To date, no full kinetic analysis of [18 F]FDG data based on arterial sampling and a dynamic HRRT scanning protocol in humans has been reported. In the present study, average CMRglu values of 0.33 and 0.11 μmol/cm3 per minute were obtained for manually drawn gray and white matter regions, respectively. Automatically delineated regions yielded values of 0.29 and 0.19 μmol/cm3 per minute for gray matter and white matter, respectively, averaged over nine patients with a CoV of less than 15%. However, especially the white matter estimate based on the latter method was contaminated with some gray matter spill in.
Previously, Heiss and co-workers have acquired CMRglu data on an HRRT scanner . Using fixed rate constants from the literature, they found similar gray and white matter CMRglu values with a GM/WM ratio of 2.7, which is only slightly lower than the present ratio for manually drawn regions. Therefore, it seems that a static scanning protocol, together with fixed rate constants, is a valid approximation of full kinetic modeling in the case of healthy volunteers. Nevertheless, it should be noted that the assumption of fixed rate constants may not be valid in certain clinically relevant patient populations, such as those having diabetes , characterized by a.o. hyperglycemia and hyperinsulinemia which both affect the blood vessel wall and the permeability surface area product , and decreased glucose metabolism . Furthermore, normal fixed rate constants are not automatically applicable to flow-limited states .
The good correlation between Patlak and NLR results (slope 0.96, r2 0.98) implies that this linearization is a valid approach, as shown previously . The underestimation of 4% is likely due to the blood volume (5%) that is taken into account in the NLR analysis, but not in the Patlak linearization. Parametric K
i images without smoothing showed good correlation with regional K
i values (r2 of 0.99) with a slope of 1.04, probably induced by differences in noise and tissue heterogeneity present in regional- versus voxel-based TACs. Smoothing the dynamic 18 F]FDG images resulted in a lower slope and poorer correlation, and this is therefore not recommended.

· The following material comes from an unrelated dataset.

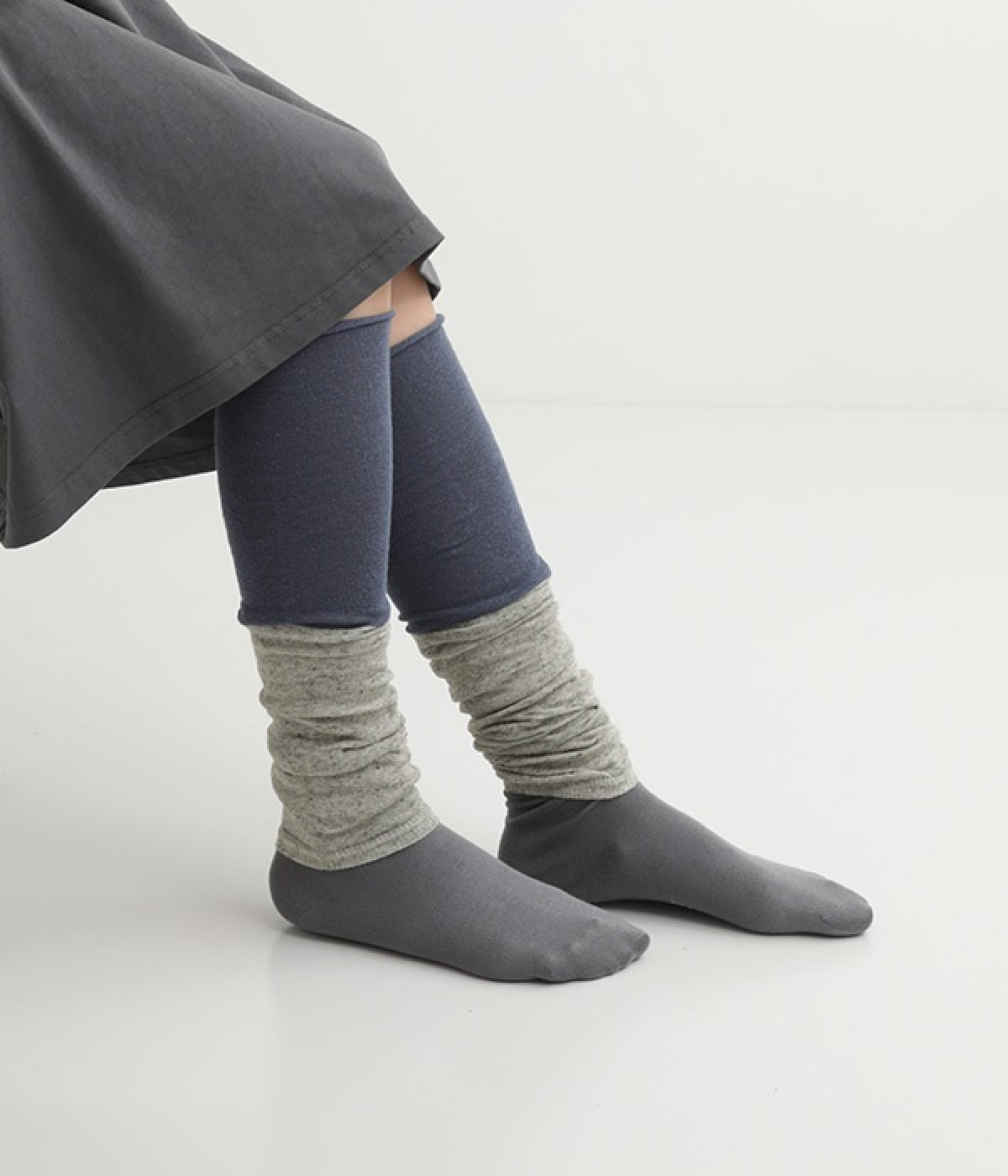 コットンリネン2wayロングチューブ(バイカラー/ネイビー-ONESIZE)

Average CBF values of 0.43 and 0.13 mL/cm3 per minute were obtained for manually drawn gray and white matter regions, respectively. These values are in line with the recent data acquired on an HRRT by Walker and co-workers , who found values of 0.44 and 0.15 mL/cm3 per minute (Table 3). The good correlation between BFM and NLR results implies that this linearization is a valid approach.
We found an FDG extraction fraction of 18%, which is in line with earlier reported values of approximately 20% , determined using the double-indicator method . To our knowledge, this has not been derived from a combined CBF and CMRglu (K
1) measurement before.
The use of a noninvasive input function, derived from the carotid arteries, allowed for quantitatively correct estimates of regional CMRglu when Patlak linearization was used. In the case of NLR, however, the more stringent requirements placed on the input function (i.e., in addition to the area under the curve, the detailed shape of the peak is needed) resulted in good CMRglu estimates for only seven out of nine subjects and incorrect (with an average slope of 0.76) estimates in the other two. Nevertheless, clinical dynamic [18 F]FDG studies without the need for an arterial line can be performed (on a voxel-by-voxel basis) by analyzing data using the Patlak linearization.
Unfortunately, the IDIF approach was not applicable to the analysis of CBF scans. Scaling to the manual samples yielded a similar factor as for CMRglu scans, but an underestimation of the peak was observed (by a factor of 3). Although 15O has a higher positron energy (leading to an effective spatial resolution of 3.4 in the case of 15O, if it were 3.0 for 18 F), this is not likely to be the main reason for the underestimation of the peak. Possible explanations will probably include the implementation of scatter correction as well as the performance of the reconstruction algorithm for highly localized activity distributions, as prevailing in the blood just after the [15O]H2O bolus. Therefore, optimization of the frame definition and the use of a point spread function reconstruction may lead to a better match between BSIF and IDIF.
It is of importance to note that, although the images used were smoothed 6 mm at FWHM, the IDIF applicability cannot be automatically used for data generated at other PET scanners. This still needs a validation for every single tracer, every single scanner, and each acquisition and data analysis protocol separately. The success of the use of an IDIF depends on the intrinsic spatial resolution of the scanner, which is often lower than that of the scanner used in our study, and on the iterative reconstruction algorithm used (e.g., whether or not priors are included and whether the partial volume effect is implemented in the reconstruction algorithm), determining the signal-to-noise ratio as well as the minimum frame duration that can be applied. Furthermore, the duration of tracer injection needs to be optimized since the number of frames that can be acquired during the bolus should not be too low. The exact effect of these different options cannot be predicted and needs to be tested in the way as was described in this paper.